A software developer with a personal connection to Barrington Unit District 220 is hoping a new smartphone app he's created will help protect students in the district from the threat of stranger danger.

But while district officials recognize a potential benefit from the LifeLine Response app, they're undecided whether and how to proceed as the middle man for a private firm.

“Where do you draw the line?” board President Brian Battle asked in imagining other companies being encouraged to follow such a precedent.

Superintendent Tom Leonard, who was contacted by the software developer, said he'd be more comfortable proceeding only after the board issued a formal request for proposals in the community to create a more competitive process.

“I recognized there was a potential value,” Leonard said of the app. “At the same time, I recognized that it was moving us to a place we haven't been before.”

On Monday, Leonard demonstrated for school board members a prototype of the app, which can be used in either of two ways.

A person who feels threatened can set the app to stay dormant only if his or her thumb is kept pressed on the phone. If the phone is released for 20 seconds, an alert — including the phone's location — would be sent to local police and close acquaintances.

The app also can be set to send an alert if the time taken to complete a familiar task — like walking home from school — is exceeded.

Leonard admitted to school board members that in a previous demonstration he'd mistakenly kept his thumb off the phone too long and sent the alert to his panicked sister.

Board member Sandra Bradford asked whether local police might constantly be running after false alerts from students if one of the district's administrators could make such a mistake.

While the district isn't being asked to purchase anything, it is being asked to pass along the LifeLine information to parents. The developer is offering students free service for a year. After that, there would be a charge of $9 per year per student, Leonard said.

Although Leonard said he finds some aspects of the proposed marketing arrangement uncomfortable, he thinks it is a matter the school board should consider.

“It's hard for me to walk away from something like this with some of the strange things that have happened,” he said, noting occasional incidents over the years in which students have been followed by strangers after school.

Board members agreed to think about the proposal and possibly take action, or seek further information about it, at their next meeting on Tuesday, Feb. 19.

Even if the idea is pursued, the district would be as hands-off about the marketing of the app as possible, Leonard said.

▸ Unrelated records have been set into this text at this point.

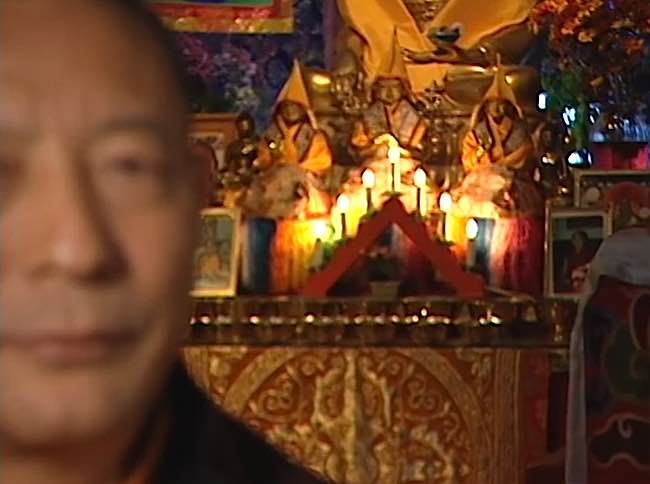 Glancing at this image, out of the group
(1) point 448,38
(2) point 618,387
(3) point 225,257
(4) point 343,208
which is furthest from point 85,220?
(1) point 448,38

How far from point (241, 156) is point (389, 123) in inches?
10.3

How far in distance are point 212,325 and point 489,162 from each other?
0.57m

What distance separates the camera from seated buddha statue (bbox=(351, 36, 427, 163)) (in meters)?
2.51

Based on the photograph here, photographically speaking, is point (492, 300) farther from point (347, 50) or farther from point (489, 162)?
point (347, 50)

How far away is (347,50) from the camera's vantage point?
9.09 feet

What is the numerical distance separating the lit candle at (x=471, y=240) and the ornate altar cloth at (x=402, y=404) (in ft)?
0.98

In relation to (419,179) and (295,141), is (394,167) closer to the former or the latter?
(419,179)

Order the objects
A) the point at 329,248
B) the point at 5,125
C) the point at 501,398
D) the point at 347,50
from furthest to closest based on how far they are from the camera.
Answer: the point at 347,50, the point at 329,248, the point at 501,398, the point at 5,125

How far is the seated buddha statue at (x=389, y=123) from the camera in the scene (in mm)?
2506

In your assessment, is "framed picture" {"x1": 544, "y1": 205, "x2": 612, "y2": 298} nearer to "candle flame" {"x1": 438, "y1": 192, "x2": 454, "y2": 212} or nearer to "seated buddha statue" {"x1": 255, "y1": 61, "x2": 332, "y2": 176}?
"candle flame" {"x1": 438, "y1": 192, "x2": 454, "y2": 212}

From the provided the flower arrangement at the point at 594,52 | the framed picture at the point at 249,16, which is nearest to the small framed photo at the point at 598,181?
the flower arrangement at the point at 594,52

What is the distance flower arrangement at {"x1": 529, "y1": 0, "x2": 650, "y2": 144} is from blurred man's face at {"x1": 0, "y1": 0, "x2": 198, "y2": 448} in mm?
2162

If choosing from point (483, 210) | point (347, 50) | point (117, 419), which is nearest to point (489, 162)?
point (483, 210)

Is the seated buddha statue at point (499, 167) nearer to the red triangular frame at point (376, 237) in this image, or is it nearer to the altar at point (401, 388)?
the red triangular frame at point (376, 237) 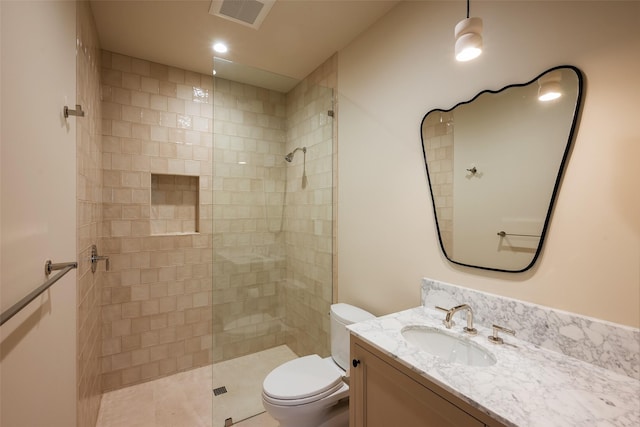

“What we would probably do is some kind of email communication describing it with a link to where they can go,” he explained.

Leonard said a lawyer confirmed the district would not be liable in case of any malfunction of the app.

The developer of the LifeLine smartphone app is asking Barrington Unit District 220 officials to share information with parents and students about a smartphone app that would alert police and others when a child is threatened.